On ‘Mob Lynchings’ WhatsApp has said ‘it has made product design changes and is working with law enforcement agencies.’
The company’s Chief Operating Officer Matthew Idema had also met IT secretary Ajay Sawhney last month. To check viral circulation of messages, WhatsApp had recently announced that it would limit forwards of photos, videos and messages to five chats in India and remove the quick forward button next to media messages. Also, the platform is testing a label that marks links sent on chats as ‘suspicious’ in its bid to check the spread of fake news and misinformation. It has also limited the number of people to whom you can forward a message to five.

Source: Forbes India
Meanwhile, in a related development, Telecom Secretary Aruna Sundararajan said that the government has taken a stern view of false news doing the rounds on social media platforms and asked WhatsApp to take urgent measures to curb the circulation of such messages. She, however, said the Department of Telecommunications (DoT) does not intend to impose a blanket ban on messaging apps and platforms.

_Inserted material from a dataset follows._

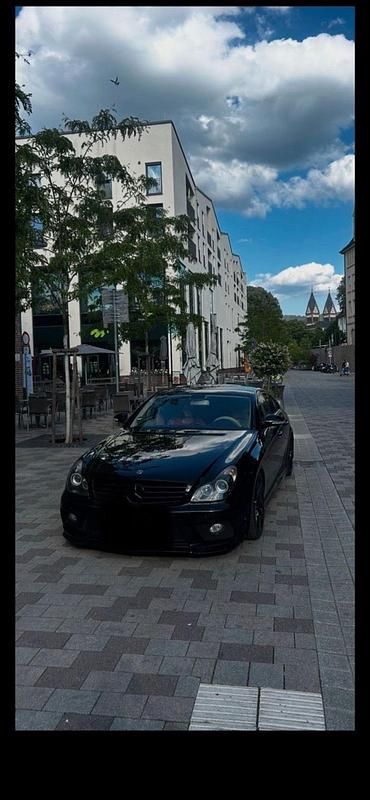 Schwarz Gebraucht 2005 Mercedes CLS500 AMG Limousine | 11.000 € (Fairer Preis) - Bild 1/4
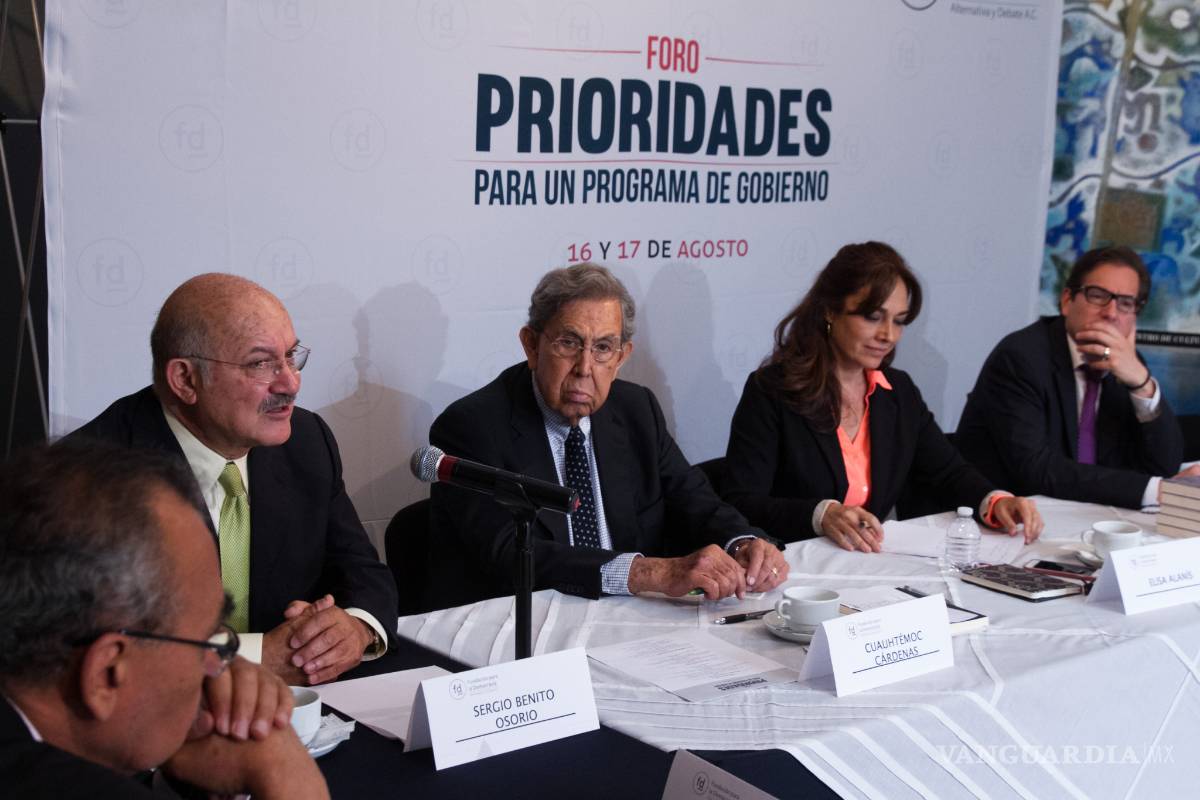Empresarios y Cuauhtémoc Cárdenas debaten plan hacia el 2018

“…we cannot go around blocking the whole platform. The idea is to evolve effective grievance redressal…targeted prevention or corrective action to be taken in those kinds of cases,” she said, when asked about abuse of messaging platforms in spreading fake messages. The DoT had recently sought views from industry players regarding banning of mobile apps like Instagram, Facebook, WhatsApp, Telegram, etc., in situations where national security and public order were under threat.
Sundararajan said technical solutions such as analysis of metadata, artificial intelligence and others allowed identification of mischievous messages treading unusual patterns.
“So, a lot of these solutions have to do with technology but it cannot be blocking of all apps. That is not the intent at all…we should be able to go in and take corrective action…you can’t have all or nothing approach,” she added.
The government is taking the misuse of social media platforms seriously. Prasad had also informed in the Parliament last month that the government would consider changes in rules that would require social media platforms to locate their grievance officer in India.
This is as per news reports in Business Standard.